Unless you are a “named” photographer we use tags to describe how you shoot. Pick the tags below that best describe your photography to see how I refer to you.

  • color
  • black & white
  • film
  • digital
  • available light
  • lit
  • heavily lit
  • over lit
  • large format
  • medium format
  • 35mm
  • holga/junk
  • shoots men
  • shoots women
  • shoots children
  • studio
  • location
  • portrait
  • photojournalist
  • fashion
  • beauty
  • still life
  • fine art
  • advertising
  • outdoor
  • automotive
  • food
  • interior
  • sports
  • conceptual
  • travel and leisure-e
  • urban
  • gritty
  • nike
  • high production value
  • low production value
  • slick
  • raw
  • grainy
  • saturated
  • captured moment
  • americana
  • weird
  • stark
  • quirky
  • props
  • lyrical
  • painterly
  • high contrast
  • naked
  • cool
  • off moment
  • awkward
  • muted color
  • crunchy (super sharp)
  • great casting
  • tight
  • landscape
  • action
  • sets
  • real people
  • models
  • trashy
  • heroin
  • vintage
  • webberie
  • annieish
  • assisted for annie
  • lachapelleish
  • egglestonish
  • dan winters on peyote
  • meisel’s brother from another mother

I think there’s something insightful here like having a 2-4 word description is bad because there are so many people that have the same 2-4 words and over 12 is probably bad because then it gets hard to remember all the words.

You can tell me all the tags I forgot and I’ll add them in.

Those Photos Suck

I worked with an editor once who–fairly often when I brought him photos–would tell me the photos sucked.
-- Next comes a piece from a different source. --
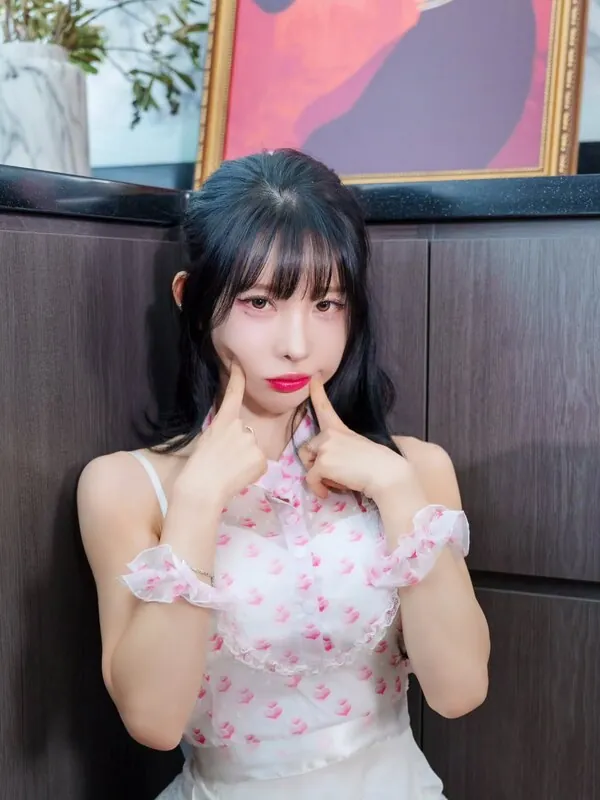 Kim Yu 라이브 캠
I would then try to tell him that no, you’re using the wrong words, you should be saying “I don’t like those photos” which is fine because you’re an editor and therefore you know nothing about photography. This is why I work here.

In the editorial and advertising world, photos are good when they do their job, but it all depends on where you’re standing.

I’m standing over here with other mainstream consumer magazines. My magazine has a specific agenda that involves overshooting our audience’s taste in photography to attract elitist advertisers, favorable press and awards from the NYC photo mafia.

If you’re standing over in corporate head shot universe there’s no need to get all Terry Richardson on their asses because that will get you fired because it’s bad photography.

So, when I think about who’s the best photographer in Canton, Ohio it has nothing to do with who’s the best at shooting things people in Canton actually need pictures of it’s who’s the best at emulating the NYC editorial style I need to do my job.

Usually, when my editor doesn’t like photos it means I’m doing my job.